We’ve made strides in most of those areas, and that’s where federal officials are directing their attention. That’s why Maine is in a strong position to write a waiver application that will pass muster.

Still, many questions remain about what a new accountability system for our schools will look like.

How will we determine which schools to recognize for outstanding achievement and which schools to target for support? Which strategies will we use to help those schools that need improvement? Which principles and measures will school districts use to set up constructive performance evaluations for their staff?

We’re aiming to submit our waiver application by mid-February. That means we have four-and-a-half months to answer those questions and many more. We have four-and-a-half months to decide what our state’s schools will do in the absence of Adequate Yearly Progress targets and Continuous Improvement Priority Status monikers.

Amid all the questions, there are a few certainties.

First, we have piles of work ahead of us. But that work won’t be done in isolation. As important decisions are made, the Department of Education will take deliberate steps to involve educators from across the state and the professional associations that represent them.

Second, this isn’t the end of accountability. Regardless of how we ultimately do it, schools will still need to be transparent about the performance of their students. And they’ll still be expected to make changes when that performance needs improvement. Our hope, though, is that the information available to schools and to the public will be more helpful, more honest and more useful than what’s available now. And we hope that a larger menu of improvement options will be available to our schools.

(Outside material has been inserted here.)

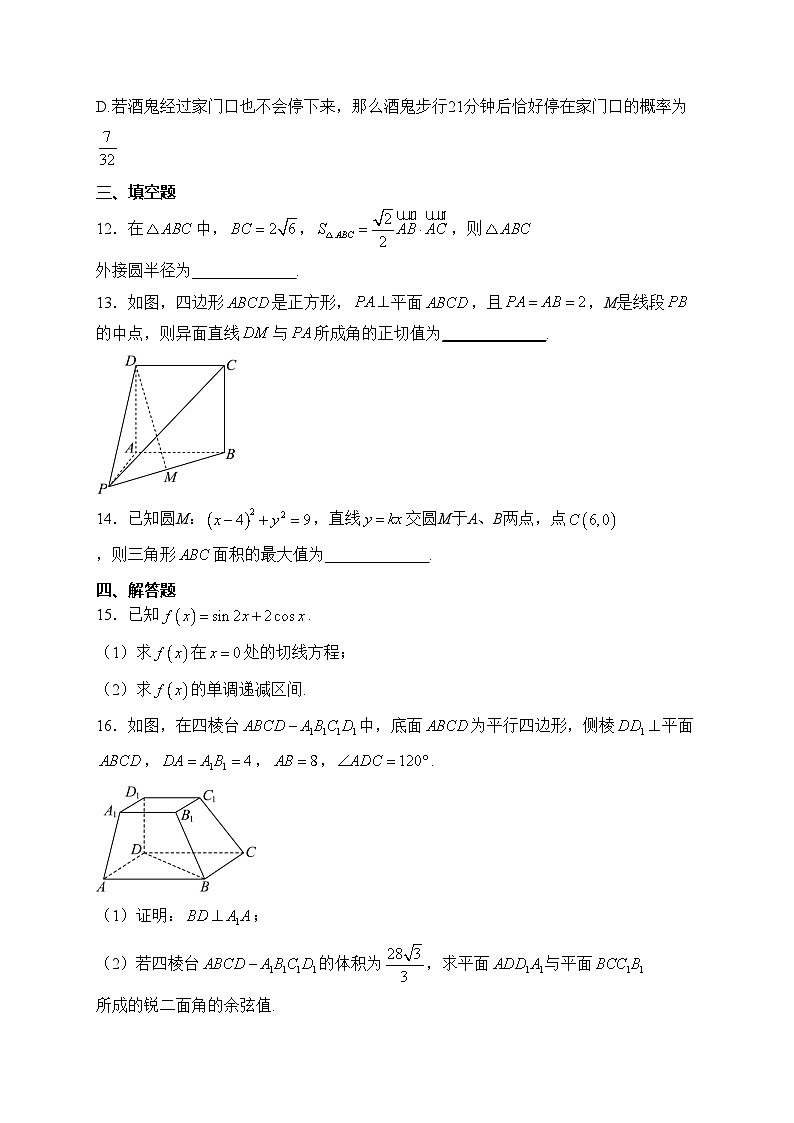 哈师大附中、东北师大附中、辽宁省实验中学2023-2024学年高三下学期第一次联合模拟考数学试卷(含答案)第3页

Third, this is an unprecedented opportunity. The U.S. Congress has, for now, failed to provide us with the overhaul of No Child Left Behind that we desperately need. In the face of inaction, the federal government has essentially granted the states a license to overhaul.

Let’s use this opportunity to work toward the education system we know we need.

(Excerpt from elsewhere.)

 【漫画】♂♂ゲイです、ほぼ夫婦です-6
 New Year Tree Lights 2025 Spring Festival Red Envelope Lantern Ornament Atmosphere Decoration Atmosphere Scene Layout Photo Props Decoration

Resources and more information

2 thoughts on “Welcome news and a special opportunity

  1. Elizabeth: Thanks for your comment. We will be involving many people in the development of a waiver application, both formally and informally – in fact, we’re required to by the waiver guidelines.

    We’re still in the very early stages here, and will be working quickly to fully review all the guidance and form an approach and a plan. The plan we develop must – both because it’s required and because it makes sense – address student, teacher, and school accountability. Also, you might find helpful a webinar we conducted with superintendents earlier this week in which a number of questions about the waiver were answered. You can find it here: http://www.maine.gov/education/nclb/accountability.html

    Stay tuned for opportunities to participate in the process.

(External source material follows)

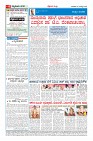 MM-27-8_compressed-page-004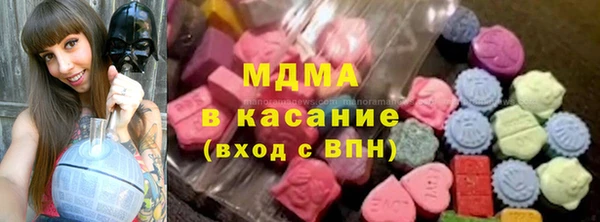 MESCALINE Бежецк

    Rachelle Tome, ESEA Federal Programs Director, Maine DOE

  2. First, I hope you consider involving some retired, highly qualified, highly experienced, highly successful, and tech-enabled educators (such as myself, but I am just one of many) in your response to the waiver opportunity. What “we know we need” will undoubtedly have some elements of what has been eliminated in the last 10 years, as well as elements of what has been improved in the last 10 years. It might be helpful to have some insight from clear eyes that are not vested in a school, job, or institution – but in the idea of education for the children of Maine.
    Second, I find your message about accountability to be unclear. Are you addressing primarily the performance of teachers, the performance of students, or the performance of schools? It is important, I feel, that you, as Commissioner, articulate the nature of the interaction between these elements. Any approach to the concept of accountability measurement must stand on firm philosophical and pedogogical ground. This is more important than data.